The Strider Connection
It is worth noting that the carrot on a stick was the direct inspiration for the Warped Fungus on a Stick. When the Nether Update (1.16) dropped, Mojang realized that players needed a way to cross lava lakes. They took the "carrot" logic and applied it to Striders.
The mechanics are identical.
The recipe is identical (just swap the carrot for a blue mushroom).
The durability consumption is identical.
If you’ve mastered how to make a carrot on a stick Minecraft survival demands, you’ve already mastered Nether navigation. The only difference is that a Strider won’t walk on land without shivering and moving like a snail, whereas a pig is perfectly happy on grass but turns into a "cooked porkchop" item the second it touches lava.

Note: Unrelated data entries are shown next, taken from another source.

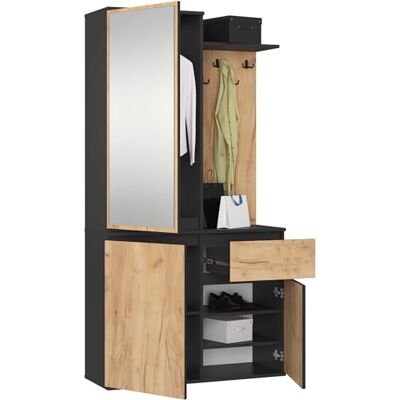 AKORD Ensemble de Vestiaire d'Entrée avec Miroir 95 cm, 3 Portes, 1 Tiroir, 7 Étagères Meuble d'Entrée Optimum pour Petits Espaces Couloir ou Entrée Étroit Noir & Chêne-Craft - Publicité AKORD Ensemble de Vestiaire d'Entrée avec Miroir 95 cm, 3 Portes, 1 Tiroir, 7 Étagères Meuble d'Entrée Optimum pour Petits Espaces Couloir ou Entrée Étroit Noir & Chêne-Craft - Publicité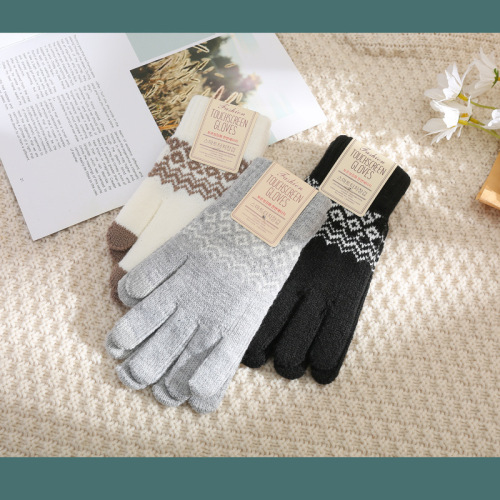 Factory direct sales winter warm touch screen plus velvet thickening student adult men and women same style imitation cashmere wave gloves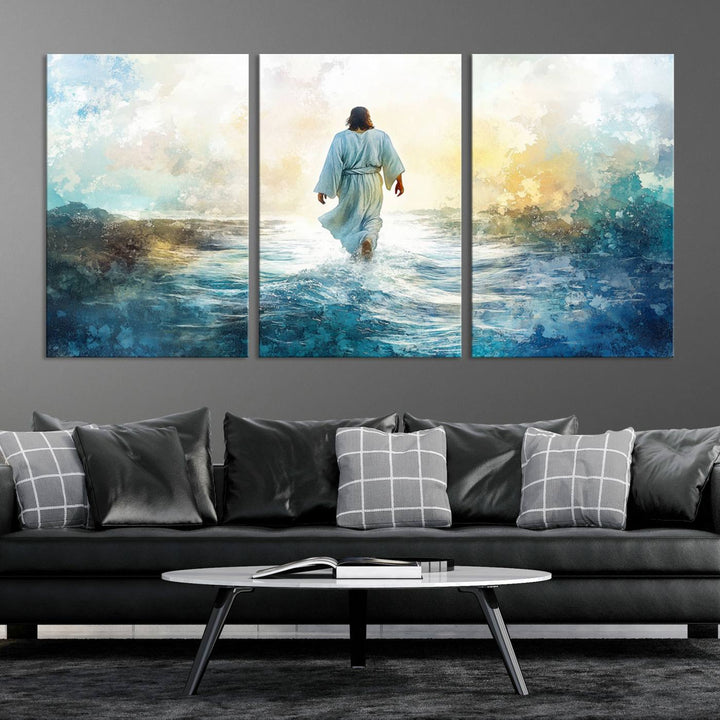 Watercolor Jesus Walking on Water Canvas Print, Christian Wall Art, Jesus Christ Walking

👉 See also: Finding Your Way: The Dead Cells Map Guide for People Who Keep Getting Lost
Expert Tips for the Dedicated Rider
If you’re serious about using this as a transport method, keep these weird quirks in mind.
First, the pig's speed is actually decent when boosting—it can reach about 5.2 blocks per second. For comparison, walking is about 4.3 blocks per second. It’s not "fast," but it beats walking if you’re trying to save your own hunger bar. Since the pig is doing the work, your saturation doesn't drop.
Second, if you’re in a boat and you have a pig in the boat with you (don’t ask why, maybe you’re relocating it), holding the carrot on a stick doesn't do anything. The boat overrides the pig's AI.
Third, the "carrot" part of the stick can actually be used to breed other pigs while it's still attached to the rod. It's a weird interaction. If you have two pigs and a carrot on a stick, you can occasionally trigger love mode without "consuming" a loose carrot from your inventory, though this is sometimes inconsistent between Bedrock and Java editions.
Final Steps for Your Minecraft Journey
You now have the knowledge to craft, boost, and maintain the most iconic (and slightly ridiculous) animal control tool in the game. Don't just stand there with a rod in your hand.
- Go find a village or kill some zombies to secure your first carrot.
- Combine it with a fishing rod in your crafting grid.
- Hunt down a desert temple or dungeon to find a saddle, because without it, the carrot is just a decoration.
- Mount your pig, look toward the horizon, and right-click to boost your way across the biome.
Keep an eye on that durability bar. Nothing is more embarrassing than the carrot breaking while you're halfway across a ravine, leaving you stranded on a confused pig that no longer cares where you want to go. Reach your destination, set up your farm, and maybe consider upgrading to a horse once you have the resources. But for now, that pig is your noble steed.